━━━━━ Dataset extract

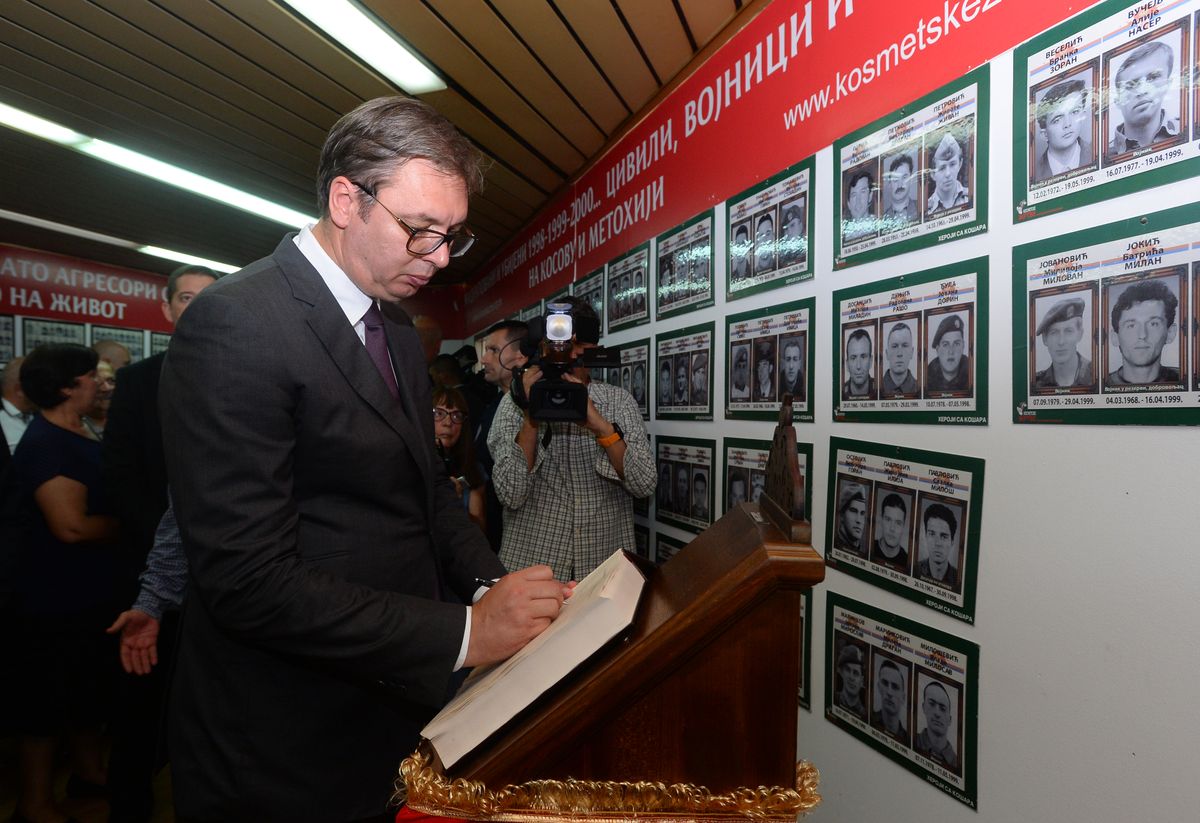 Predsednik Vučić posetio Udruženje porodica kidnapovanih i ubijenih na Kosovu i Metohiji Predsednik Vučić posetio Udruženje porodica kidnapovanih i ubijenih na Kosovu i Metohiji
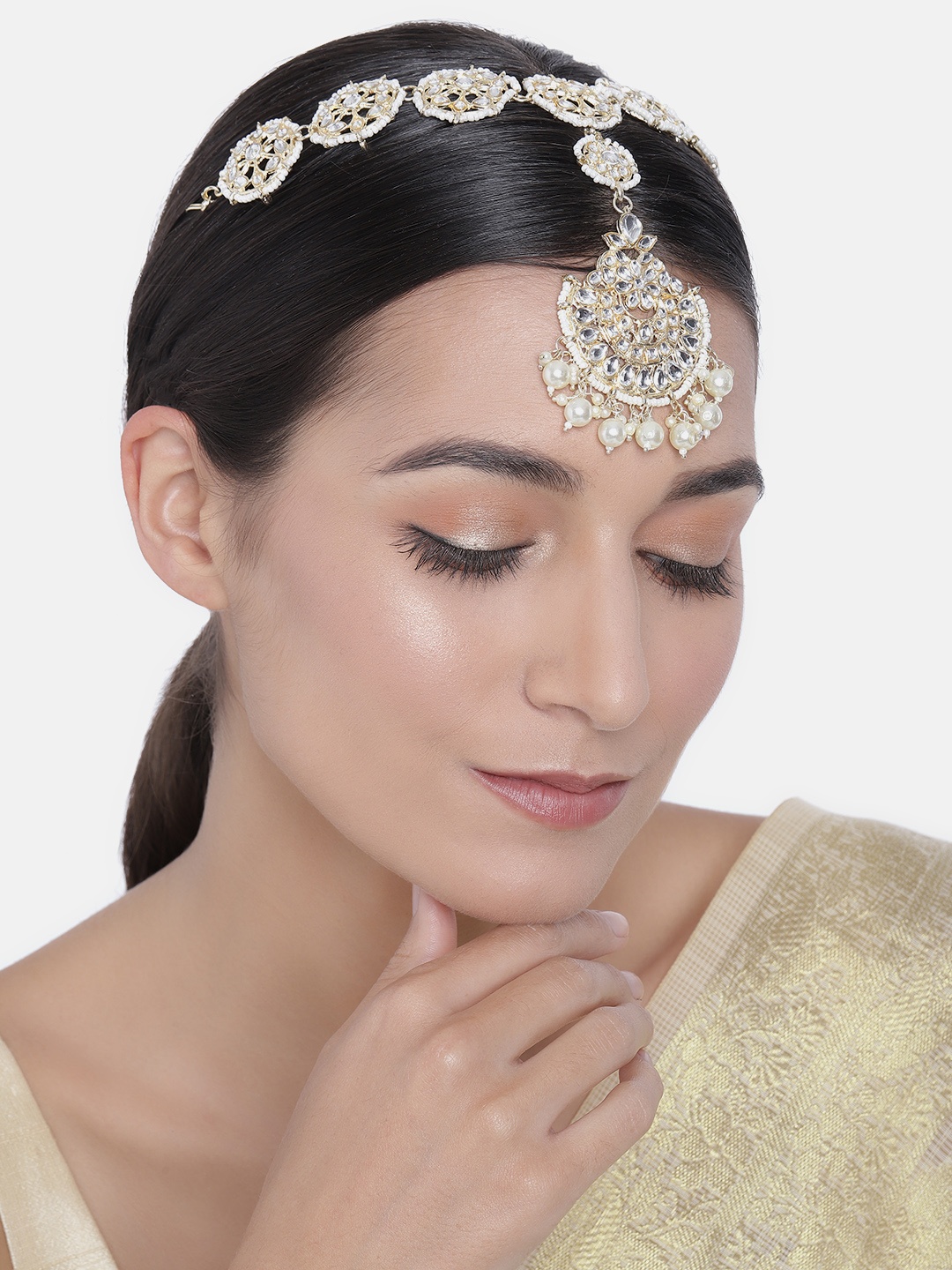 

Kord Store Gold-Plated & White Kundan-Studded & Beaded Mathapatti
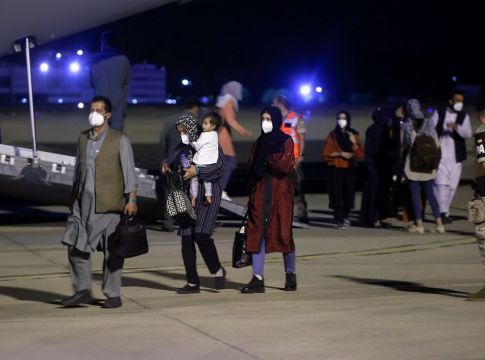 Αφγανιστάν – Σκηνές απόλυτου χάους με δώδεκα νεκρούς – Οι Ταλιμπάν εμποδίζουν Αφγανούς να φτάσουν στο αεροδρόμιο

━━━━━━━━━━

• [To do]:
Exactly as given, set down each line of the material, but include no pictures.

• [Solved problem]:
 Predsednik Vučić posetio Udruženje porodica kidnapovanih i ubijenih na Kosovu i Metohiji Predsednik Vučić posetio Udruženje porodica kidnapovanih i ubijenih na Kosovu i Metohiji

Kord Store Gold-Plated & White Kundan-Studded & Beaded Mathapatti
 Αφγανιστάν – Σκηνές απόλυτου χάους με δώδεκα νεκρούς – Οι Ταλιμπάν εμποδίζουν Αφγανούς να φτάσουν στο αεροδρόμιο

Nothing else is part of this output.